• DATA BLOCK:
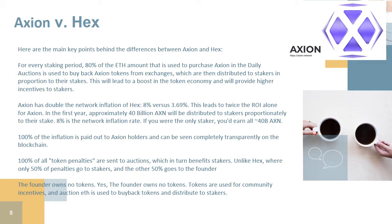This leads to twice the ROI for Axion. In the first year, approximately 40 billion AXN will be distributed to stakers proportionately to their stake. 8% is the network inflation rate — if you were the only staker, you'd earn all 40 billion AXN. 100% of the inflation is paid out to Axion holders and can be seen completely transparently on the blockchain. 100% of all token penalties are sent to auctions, which in turn benefits stakers — unlike Hex, where only 50% of penalties go to stakers and the other 50% goes to the founder.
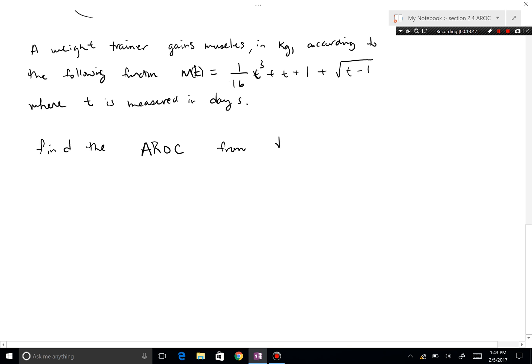Find the average rate of change from day 1 to day 17. Actually, let's make this t squared instead of t cubed to keep the numbers more realistic.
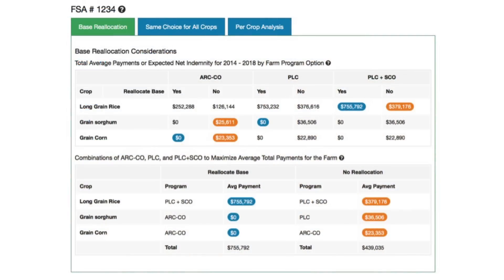The top part of the table says blue is the best with reallocation, orange is the best with no reallocation. Then by crop on the bottom part of the table, we move those numbers down and make a summary table. The $755,000 for long grain rice — PLC plus SCO shows up as the first choice for long grain rice if you choose to reallocate your base acres. It goes through and picks by crop which is the best choice and does the total. Frankly, as the results don't change, the answer doesn't change — just how you get there changed a little bit.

• YOUR ASSIGNMENT: Your copy should match the material above exactly, minus its pictures.

• WRITTEN RESPONSE:
This leads to twice the ROI for Axion. In the first year, approximately 40 billion AXN will be distributed to stakers proportionately to their stake. 8% is the network inflation rate — if you were the only staker, you'd earn all 40 billion AXN. 100% of the inflation is paid out to Axion holders and can be seen completely transparently on the blockchain. 100% of all token penalties are sent to auctions, which in turn benefits stakers — unlike Hex, where only 50% of penalties go to stakers and the other 50% goes to the founder.
Find the average rate of change from day 1 to day 17. Actually, let's make this t squared instead of t cubed to keep the numbers more realistic.
The top part of the table says blue is the best with reallocation, orange is the best with no reallocation. Then by crop on the bottom part of the table, we move those numbers down and make a summary table. The $755,000 for long grain rice — PLC plus SCO shows up as the first choice for long grain rice if you choose to reallocate your base acres. It goes through and picks by crop which is the best choice and does the total. Frankly, as the results don't change, the answer doesn't change — just how you get there changed a little bit.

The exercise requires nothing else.